ACTIVITY: Wherever the line that contains "cherry blossoms in Tokyo" falls, repeat it and the lines after it exactly until the records end, without any pictures.

(Beginning of INFORMATION)

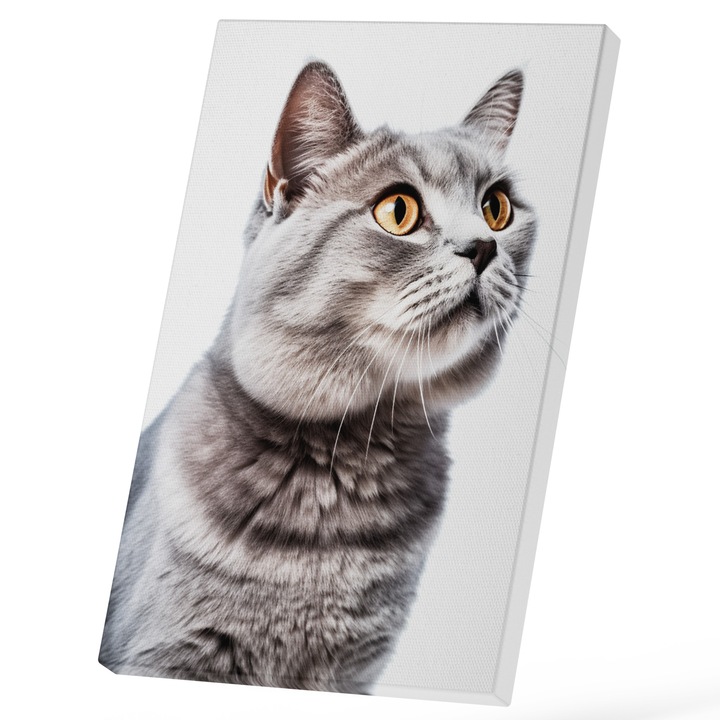 Tablou Canvas Cu Portret Pisica Gri Ochii Porttocalii, Privind Sus, Animal Blanos Iubitorii De Motani si Pisici 25x40 cm, Multicolor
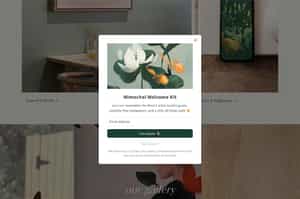 Popup Copywriting Example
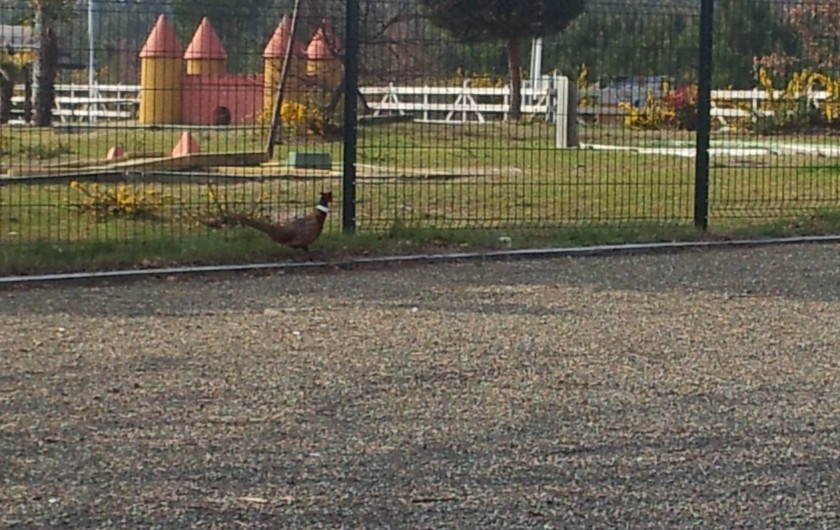 Location de vacances - Chalet à Lit-et-Mixe - minigolf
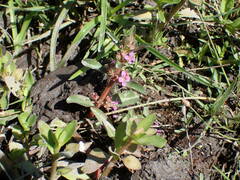 Ammannia senegalensis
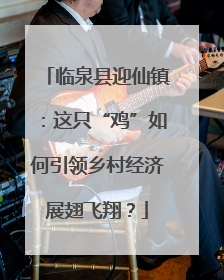 临泉县迎仙镇：这只“鸡”如何引领乡村经济展翅飞翔？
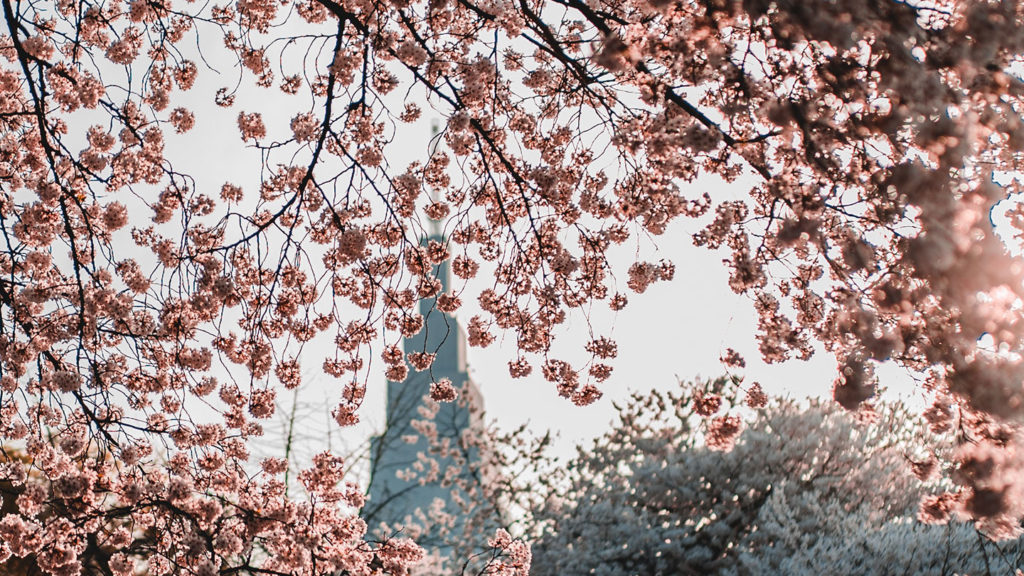 cherry blossoms in Tokyo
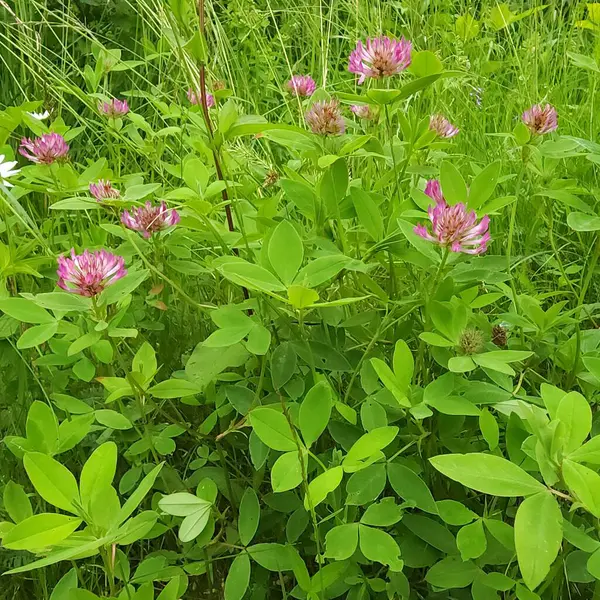Pembe yonca çiçekleri ormandaki yeşil çimlerin arasında yakındır.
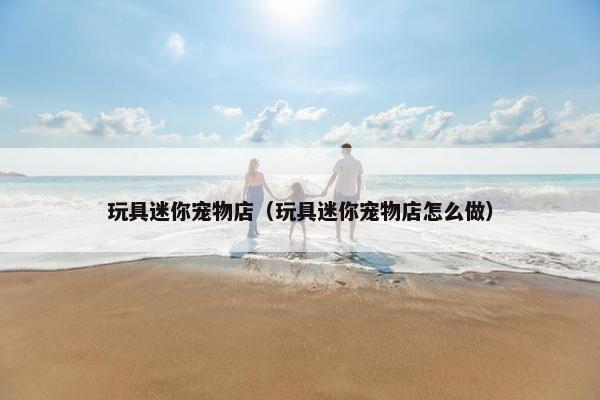 玩具迷你宠物店（玩具迷你宠物店怎么做）
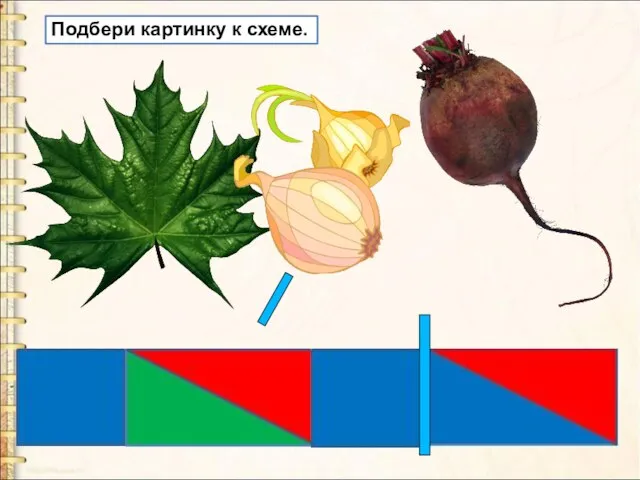 Подбери картинку к схеме.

(End of INFORMATION)

ANSWER SECTION:
 cherry blossoms in Tokyo
Pembe yonca çiçekleri ormandaki yeşil çimlerin arasında yakındır.
 玩具迷你宠物店（玩具迷你宠物店怎么做）
 Подбери картинку к схеме.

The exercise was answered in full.